How should BoC approach likely Fed rate cut?

How should BoC approach likely Fed rate cut?

How should BoC approach likely Fed rate cut?

The Bank of Canada faces the tricky task of not sounding too hawkish on the eve of a likely interest rate cut by the Federal Reserve on July 31.

Brian D’Costa, co-founder and president of Algonquin Capital in Toronto, expects Governor Stephen Poloz to hold the benchmark rate at 1.75% tomorrow and remain consistent with his wait-and-see policy after the economic weakness in the second half of last year.

While the data in 2019 is slightly stronger than expected, D’Costa does not see the BoC deviating from its stance that a rate cut of its own is “highly unlikely to be justified”.

D'Costa told WP: “The data [on the Canadian economy] is not spectacular but it’s higher, or better than, what the Bank had forecast. In that context, we think it is very likely that the BoC simply points to the slightly better economic data but also nods a hat towards the fact there are still issues in the market place, namely the trade tensions that still exist and some uncertainty around growth in the US economy, which will be enough for them to stay on hold.”

If, as expected, the Fed cuts at the end of the month, there will be a certain amount of pressure on Poloz to follow suit. However, D’Costa believes that, despite historical precedents, this is far from guaranteed.

He explained that the US has weakened due to the Fed raising rates and the effect of Trump’s tax cuts waning over time but that the country is not heading into a recession.

“What the Fed is really thinking about is taking out some insurance because they’ve raised rates and it’s not entirely sure where the neutral rate of interest is,” he said. “They are thinking we’ve raised too much, so it might be possible to make a couple of cuts as an insurance policy.

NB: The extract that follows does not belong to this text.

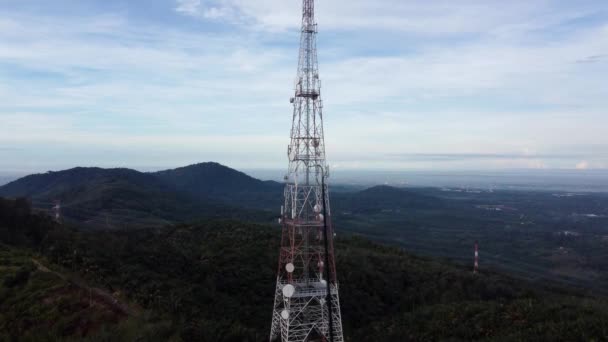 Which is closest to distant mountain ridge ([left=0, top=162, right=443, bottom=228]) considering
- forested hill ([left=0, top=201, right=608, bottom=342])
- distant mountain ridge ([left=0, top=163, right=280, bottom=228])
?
distant mountain ridge ([left=0, top=163, right=280, bottom=228])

“This makes it less clear that the BoC needs to follow suit, meaning that if the US is taking steps to ensure it enjoys positive GDP, it is going to leak back into the Canadian economy.

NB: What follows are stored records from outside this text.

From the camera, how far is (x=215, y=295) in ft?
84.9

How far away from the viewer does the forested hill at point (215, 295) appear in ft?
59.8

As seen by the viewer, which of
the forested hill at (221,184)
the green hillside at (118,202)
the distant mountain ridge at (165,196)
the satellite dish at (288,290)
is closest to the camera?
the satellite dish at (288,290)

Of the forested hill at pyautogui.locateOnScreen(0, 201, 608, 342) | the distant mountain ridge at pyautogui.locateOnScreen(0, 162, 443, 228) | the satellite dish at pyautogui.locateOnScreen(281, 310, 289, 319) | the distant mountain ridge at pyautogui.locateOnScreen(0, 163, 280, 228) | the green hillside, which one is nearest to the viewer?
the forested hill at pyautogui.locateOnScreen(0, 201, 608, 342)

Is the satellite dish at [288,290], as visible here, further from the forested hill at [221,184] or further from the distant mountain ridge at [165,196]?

“The important thing for investors to look for is that the Bank of Canada does not want to sound too hawkish while the Fed is easing because the concern will be around strengthening the Canadian dollar too much. It really doesn’t need the Canadian dollar to strengthen significantly and put a further dent into exports – that’s the really tricky part tomorrow.”

D’Costa reserves some sympathy for Poloz’s US counterpart Jerome Powell given the chirping from the White House. While he doesn’t believe the Fed is being influenced by President Donald Trump, he conceded the “optics are going to look pretty bad”.

He said: “Trump has been out there talking about they should be easing and the Fed is likely to deliver. I feel slightly sorry for Chairman Powell because he is going to look like he is being whipped around by Donald Trump but the data does support taking out an insurance cut.”

Not everyone is convinced the Fed will take the plunge. Michael Hewson, chief analyst at online trading platform CMC Markets, believes that last week’s better-than-expected US non-farm payroll numbers, along with a wages number that was steady at 3.1%, called into question the Fed lowering rates.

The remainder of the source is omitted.